→ **Directions**
Would you reproduce the whole listing exactly, minus its images?

(Record set)

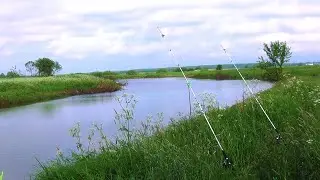 Рыбалка на крокодил, донки, поплавок. Сломал новый спиннинг. Карась козел. Часть № 1.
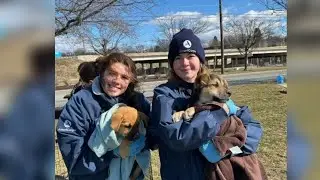 Springfield Americorps volunteer sent home after agency faces funding cuts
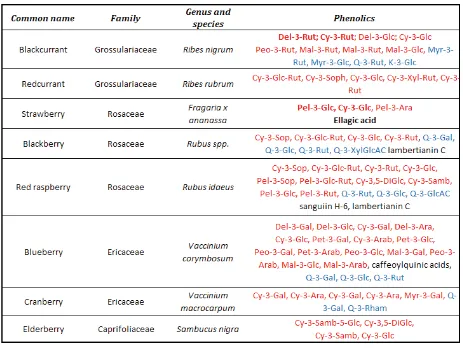 Table 2-1: Phenolic diversity of various berry fruits. Adapted from Beattie et al (2005)
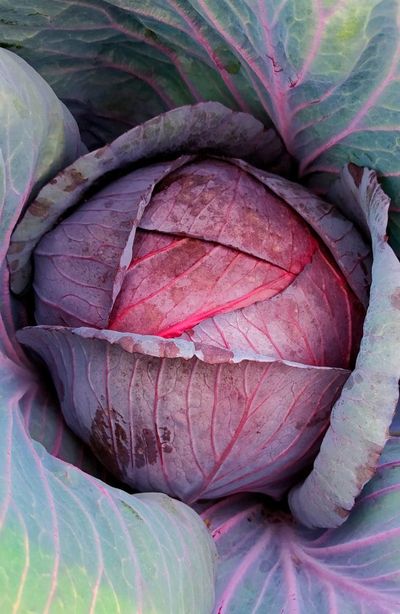 10 Health Staples That Are Surprisingly Cheap if You Buy Them This Week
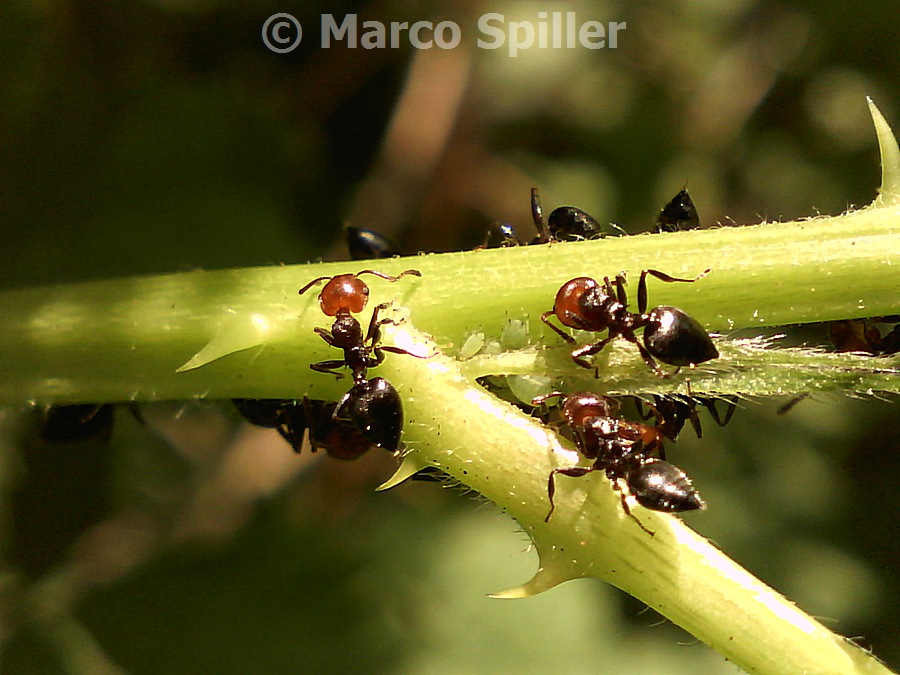 Formiche testa rossa, Crematogaster scutellaris ?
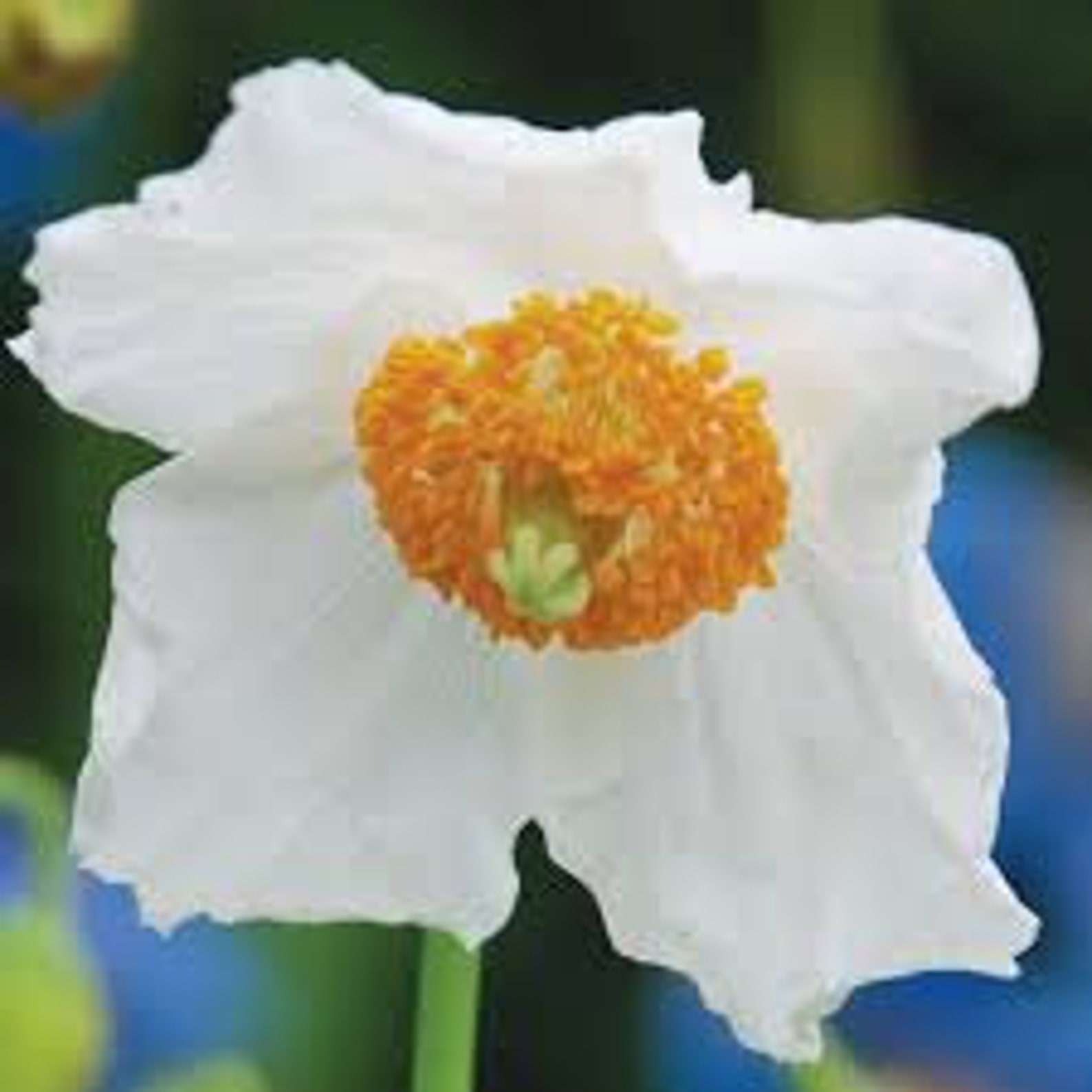 White Himalayan Poppy Seeds 20 Count Etsy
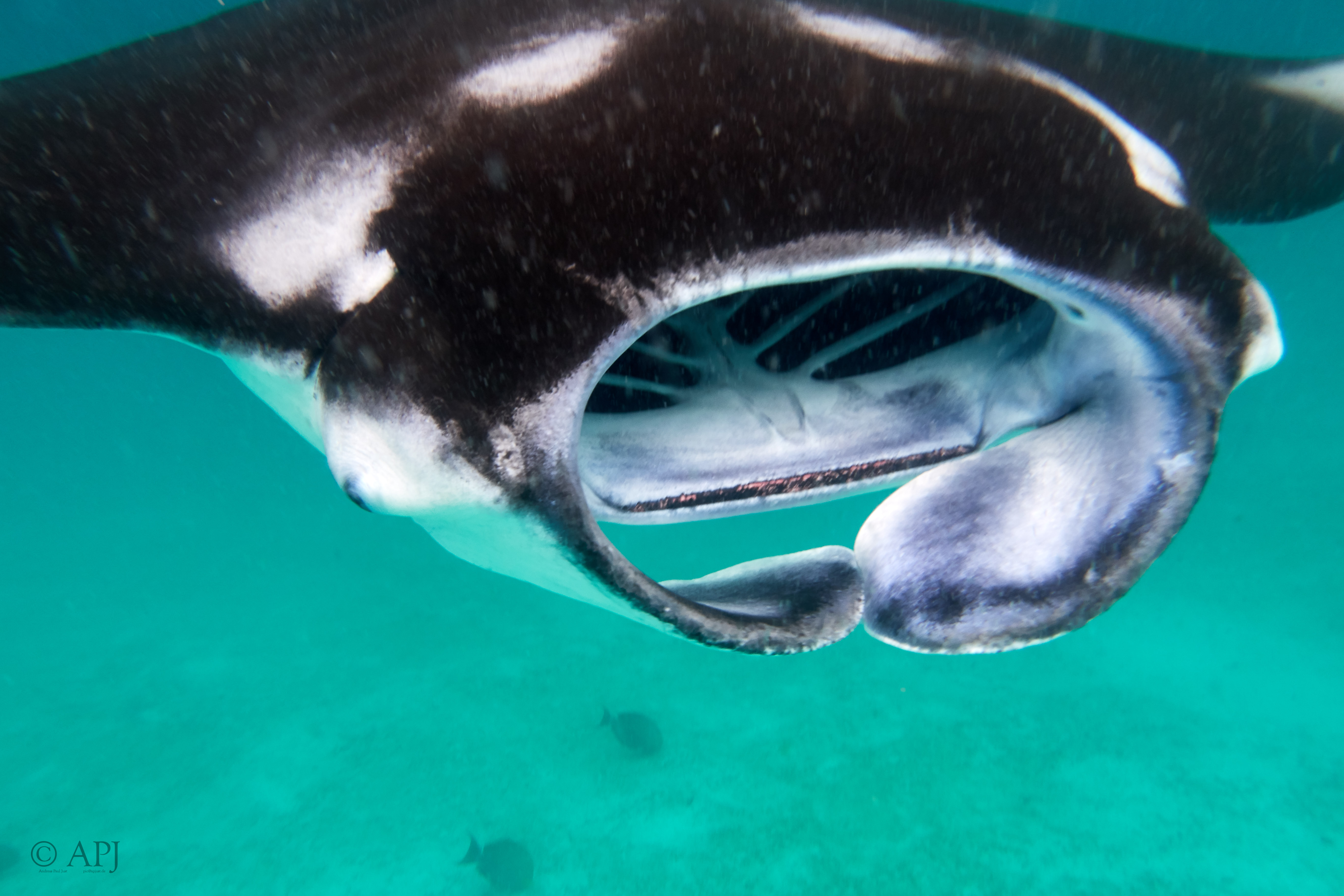 002562 17 08 17  Canon PowerShot G7 X Mark II   Malediven2017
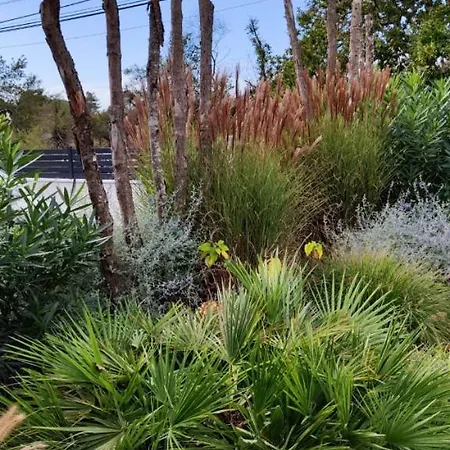 De Gascogne (adults Only) *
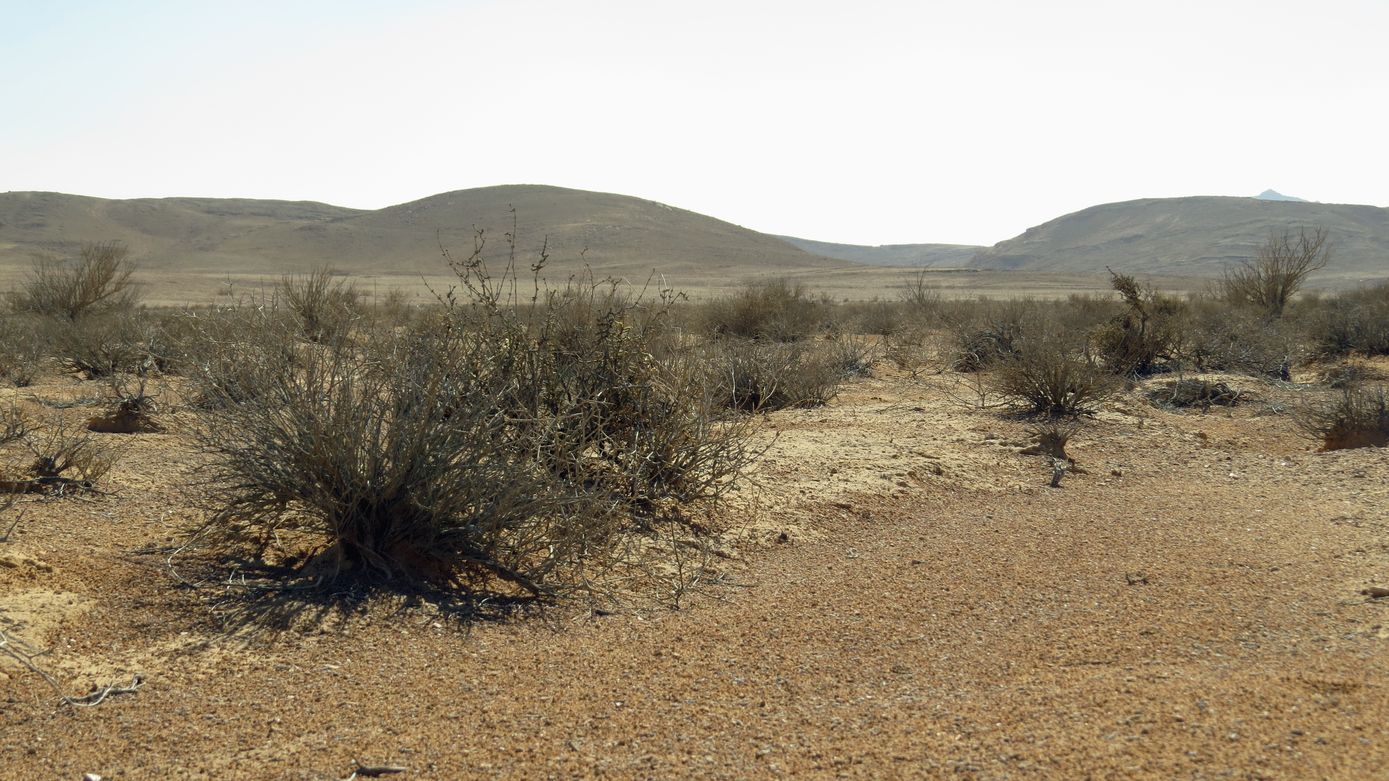 Равнина Мишор а-Сээфим, изображение ландшафта.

(End Record set)

→ **Your response**
 Рыбалка на крокодил, донки, поплавок. Сломал новый спиннинг. Карась козел. Часть № 1.
 Springfield Americorps volunteer sent home after agency faces funding cuts
 Table 2-1: Phenolic diversity of various berry fruits. Adapted from Beattie et al (2005)
 10 Health Staples That Are Surprisingly Cheap if You Buy Them This Week
 Formiche testa rossa, Crematogaster scutellaris ?
 White Himalayan Poppy Seeds 20 Count Etsy
 002562 17 08 17  Canon PowerShot G7 X Mark II   Malediven2017
 De Gascogne (adults Only) *
 Равнина Мишор а-Сээфим, изображение ландшафта.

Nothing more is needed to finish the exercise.